It grows even in drought.
Pushes through the cracks
where the light slips in.
I wanted to laugh at things that hurt.
To eat sorbet with the sun on my face
and forget that joy could be a crime
in a body like mine.
I wanted to cry loud,
to kiss someone under fireworks,
to stand in the middle of a room
and not shrink when someone said
"too much."
I wanted to float—
not just survive the undertow
but rise above it.
Face up.
Arms out.
Ready to believe in the sky.
IV. The Floating
It didn’t come in a triumph.
No music swelled.
No one clapped.
I was alone.
Alone at the edge
with fear in my throat
and the past braided into my hair.
I stepped in anyway.
The water was cold—
not cruel,
just honest.
It told the truth in goosebumps.
It asked me:
"Are you ready to let go?"
And for once,
I didn’t fight it.
I didn’t steel myself.
Didn’t count the exits.
Didn’t rehearse the apology.
I let go.
Let the water hold me.
Let the fear turn into current,
and the current carry me—
not under,
but up.
I floated.
Not because I was fearless.
Not because I was saved.
But because I was buoyed
by every whisper sung under breath,
every freedom note passed through kitchens,
every ancestor who learned to breathe
in impossible places.
V. After the Water
Now when the world tries to drown me
in paperwork, politics, pretty smiles,
I remember that hush.
The way the water didn’t need to shout
to know its power.
I remember the art of staying above.
The miracle of rising without wings.
And I teach my sisters the same:
You don’t have to be steel to survive.
You can be water—
soft,
shifting,
impossible to hold down.
We float together now.
Not as defense.
But as declaration.
We are not afraid of depth.
We are the tide.
We are the breath.
We are the miracle.
And we—
Black girls with open mouths and open hearts—
we are still rising.
Artist Spotlight: Calida Rawles
The Water Remembers Us
When I was little, I used to think water was just something you swam in—or were warned about. But my aunt, Calida Rawles, taught me something different. With a brush in her hand and a whole universe of Blackness in her heart, she showed me that water could hold memory.

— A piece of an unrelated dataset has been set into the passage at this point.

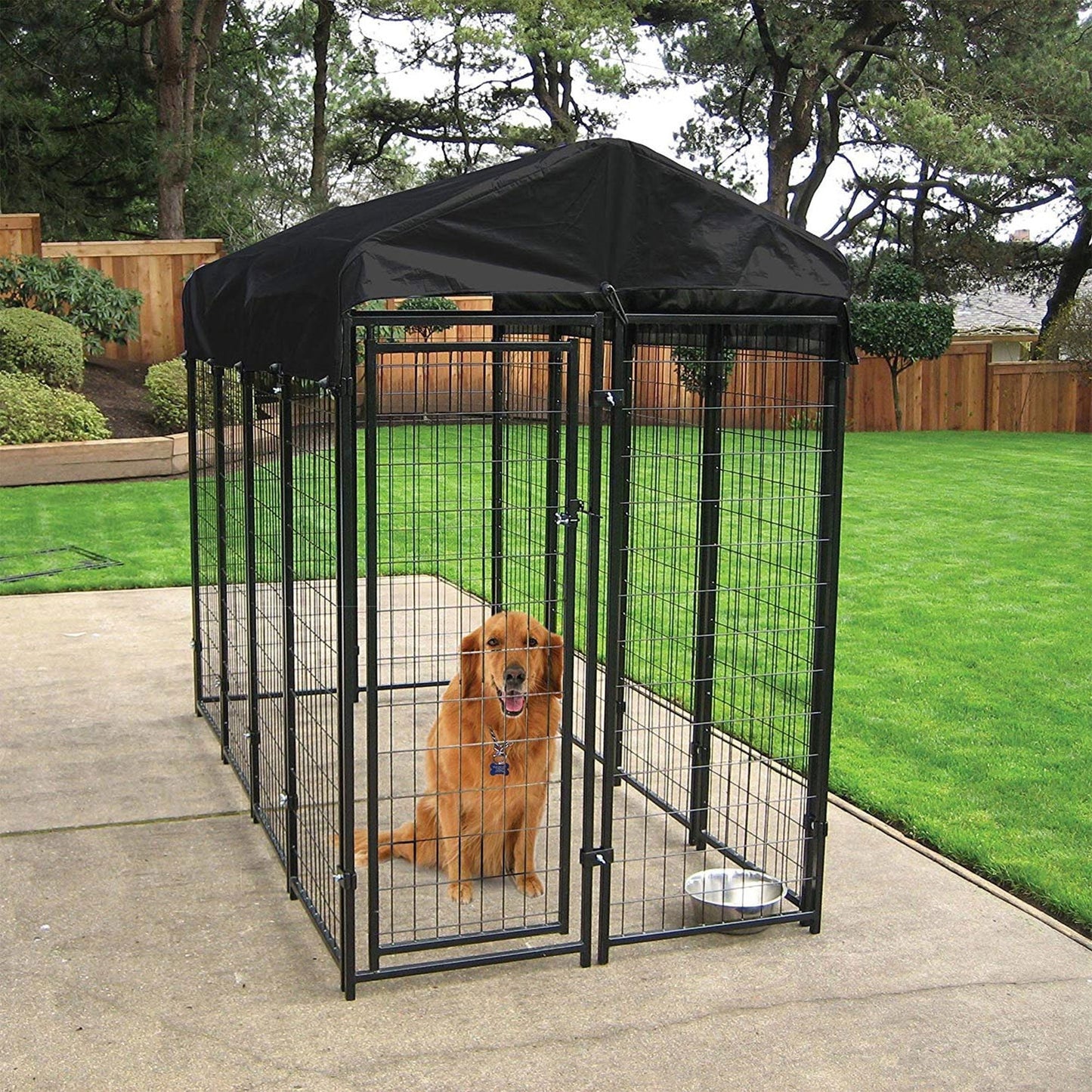Lucky Dog Uptown Large Outdoor Covered Kennel Heavy Duty Dog Fence Pen (6 Pack) - 108454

Hold softness. Hold us.
Her paintings don’t just depict Black folks in water.
They reimagine us—floating, submerged, suspended in time like galaxies in motion.
In a world that teaches Black girls to sink quietly,
my aunt paints us as weightless.
Not because we are empty,
but because we are free.
Calida’s art is love-work.
It’s history, healing, and hypothesis.
It asks:
What if Blackness was the element itself?
What if liberation looked like leisure?
She paints us as myth, as mirror, as memory.
And I am proud, honored, and still learning—
from her,
from her brushes,
from her grace.
Because to see her work
is to believe that we are not drowning.
We are rising.
We are refracting.
We are water,
and we will not be held down.
In The Space in Which We Travel, Calida Rawles paints two Black girls submerged, their white dresses billowing, their hands interlocked as if they’re holding onto the only truth they have: each other. Their bodies curve into a double helix, a visual genealogy—bloodline and bond, inheritance and intention. They aren’t drowning. They’re suspended. Held.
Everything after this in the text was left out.